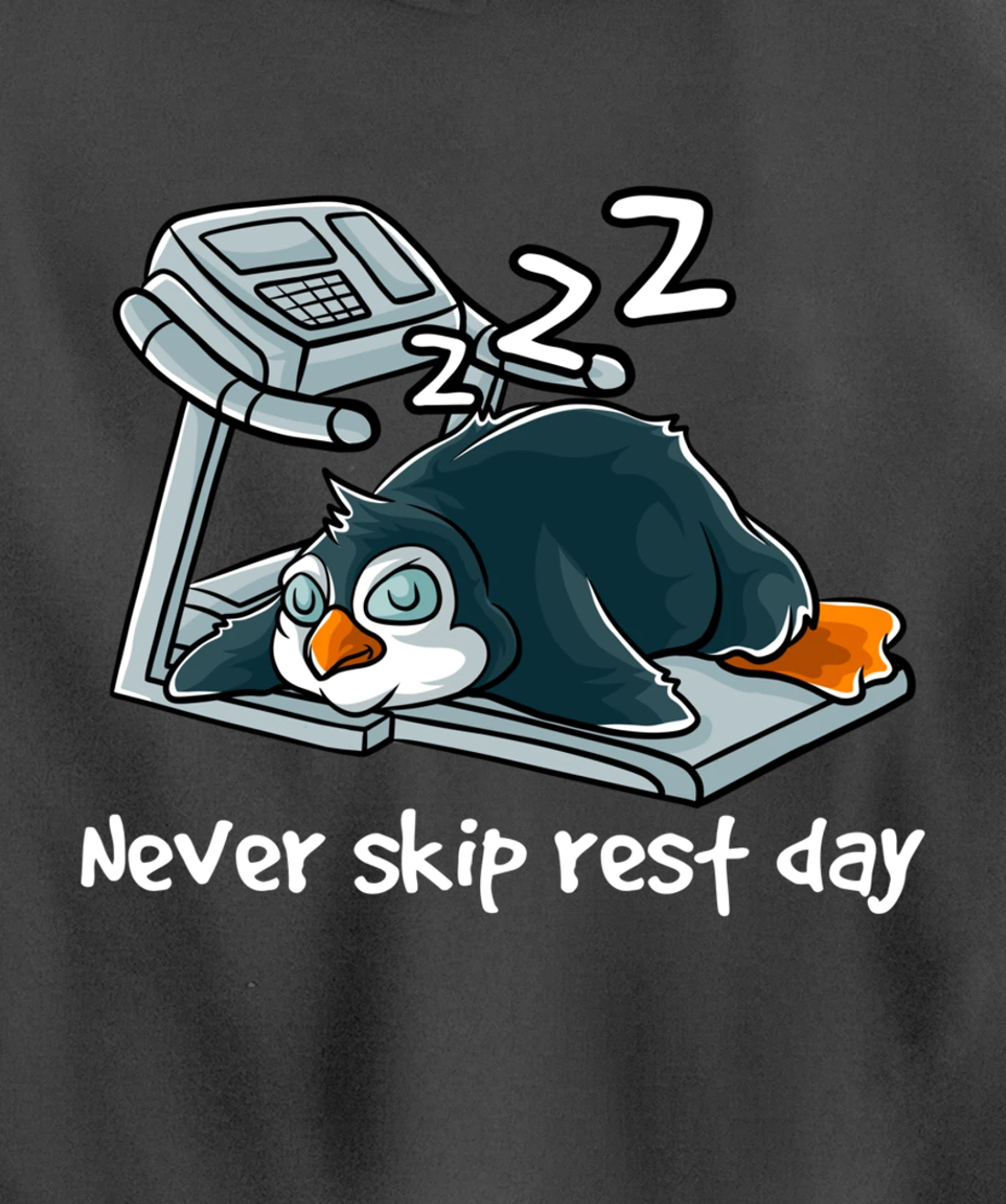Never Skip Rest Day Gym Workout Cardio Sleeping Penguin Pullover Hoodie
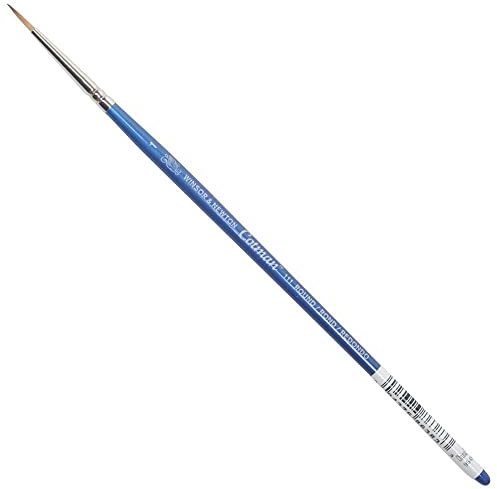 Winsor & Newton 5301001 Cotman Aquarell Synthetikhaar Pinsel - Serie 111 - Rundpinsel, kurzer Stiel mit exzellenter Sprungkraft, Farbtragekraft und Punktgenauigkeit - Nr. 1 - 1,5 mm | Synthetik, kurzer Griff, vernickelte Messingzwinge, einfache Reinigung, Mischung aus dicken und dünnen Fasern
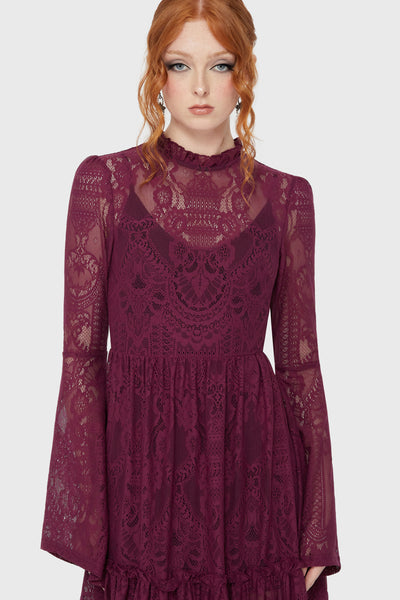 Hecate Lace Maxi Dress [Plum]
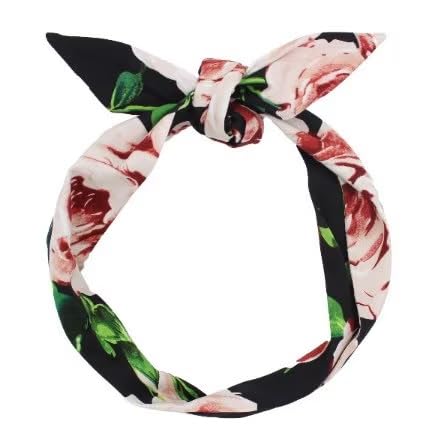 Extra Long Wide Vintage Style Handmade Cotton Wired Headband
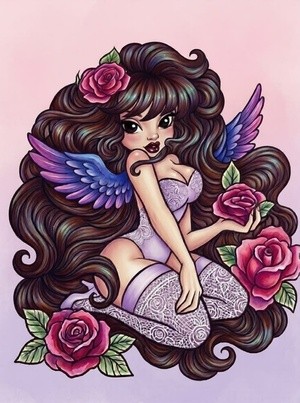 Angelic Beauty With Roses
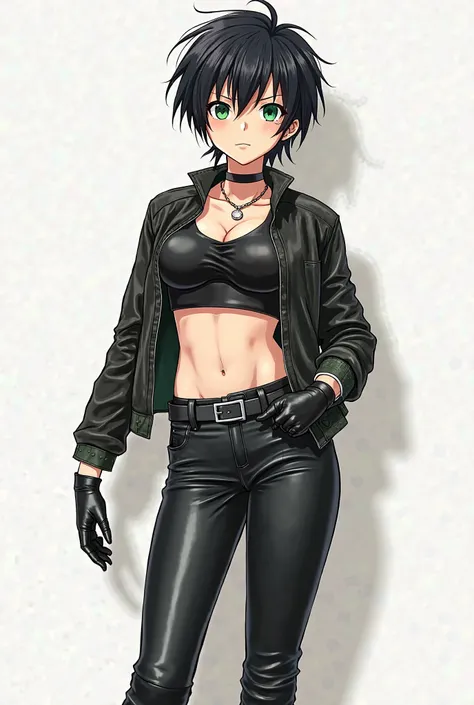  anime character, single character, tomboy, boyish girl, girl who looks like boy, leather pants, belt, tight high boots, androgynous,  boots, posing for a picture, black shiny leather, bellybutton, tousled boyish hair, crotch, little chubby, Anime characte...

--------------------

WORK INSTRUCTIONS
Every line above should be printed again word for word, without its pictures.

RESPONSE
Never Skip Rest Day Gym Workout Cardio Sleeping Penguin Pullover Hoodie
 Winsor & Newton 5301001 Cotman Aquarell Synthetikhaar Pinsel - Serie 111 - Rundpinsel, kurzer Stiel mit exzellenter Sprungkraft, Farbtragekraft und Punktgenauigkeit - Nr. 1 - 1,5 mm | Synthetik, kurzer Griff, vernickelte Messingzwinge, einfache Reinigung, Mischung aus dicken und dünnen Fasern
 Hecate Lace Maxi Dress [Plum]
 Extra Long Wide Vintage Style Handmade Cotton Wired Headband
 Angelic Beauty With Roses
  anime character, single character, tomboy, boyish girl, girl who looks like boy, leather pants, belt, tight high boots, androgynous,  boots, posing for a picture, black shiny leather, bellybutton, tousled boyish hair, crotch, little chubby, Anime characte...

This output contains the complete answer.